In The News About the News, Washington Post veterans Len Downie and Robert Kaiser focused on how to maintain professional journalistic standards in a media environment that is faster, cheaper, and more crowded than ever before. “Too much of what has been offered as news in recent years has been untrustworthy, irresponsible, misleading or incomplete,” they write in the introductory chapter, “News Matters.”
The history of new media is instructive: radio did not eliminate newspapers; talking movies did not destroy radio or newspapers; television did not obliterate radio, newspapers or movies. For nearly a century, Americans have made room for and taken advantage of new technologies without turning away from old ones that are still useful or fun.

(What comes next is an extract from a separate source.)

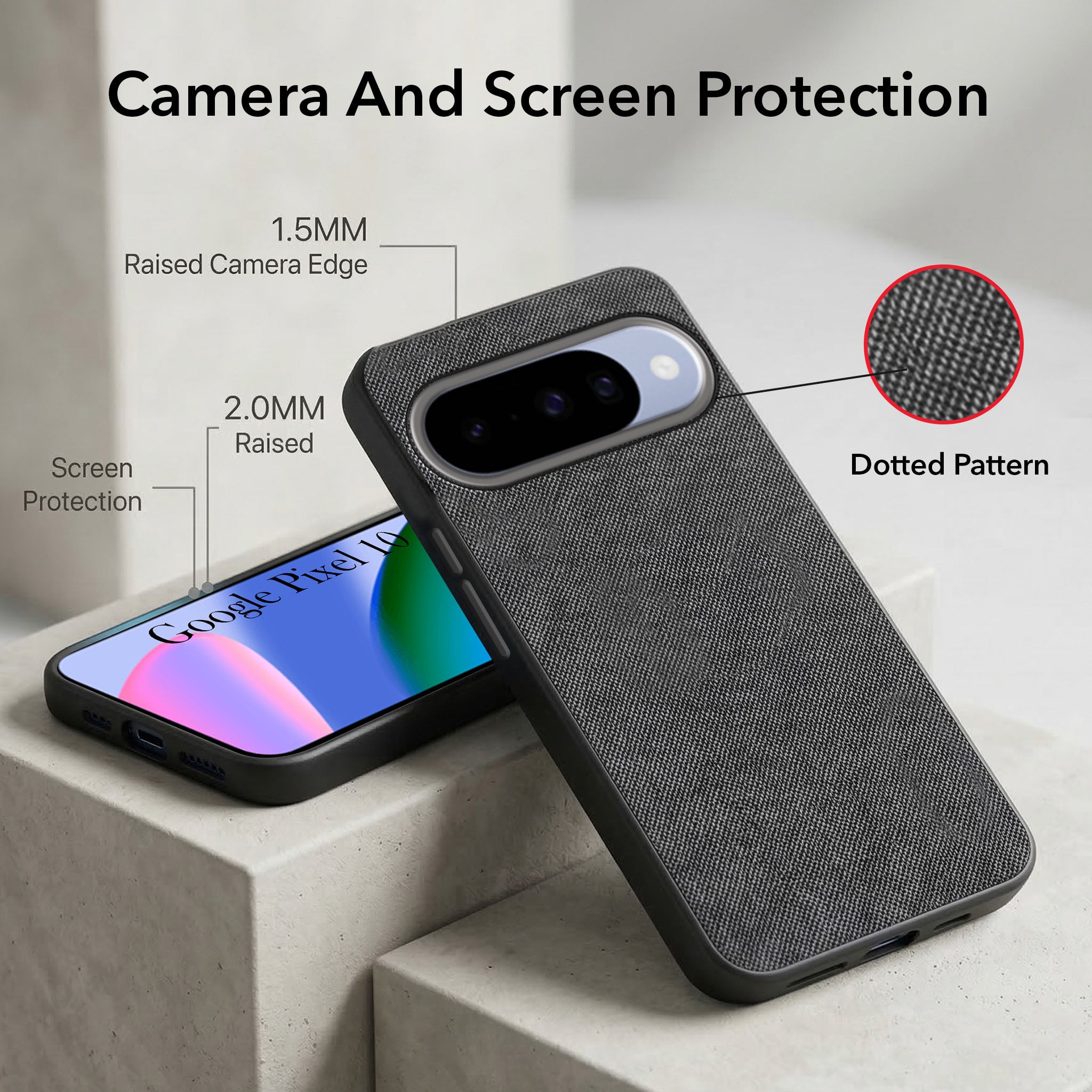 For Google Pixel 10 Combo (Textured Grip Design | Micro-Fiber Cloth Inside | Oleophobic Coating Screen Glass)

And new technologies are just delivery devices. What might actually appear on those whiz-bang new reading devices of the future? And who will provide that content?
News does not grow on trees, and raw data is not the same as journalism. Some bits of data — ball scores, stock prices, weather conditions — are interesting in their own right, but most data and facts become useful to people only when they are organized, put into context, evaluated and digested. And of course much important information is not readily available but must be dug up by resourceful investigators called reporters.
Improving technology has already made more and more information available to each of us, and will continue to do so. But more is not necessarily better. We think that the more raw information available to each of us, the more consumers will need professional journalists to sort through it for them, find the wheat and reject the chaff, organize the important information in an easily digestible form, check to be sure it’s accurate and display it in a way that reflects its importance. Journalists make sense of things — that is their function. A data-rich world, all interconnected by the Internet, will generate a great deal of confusing information that won’t be useful until someone makes sense of it.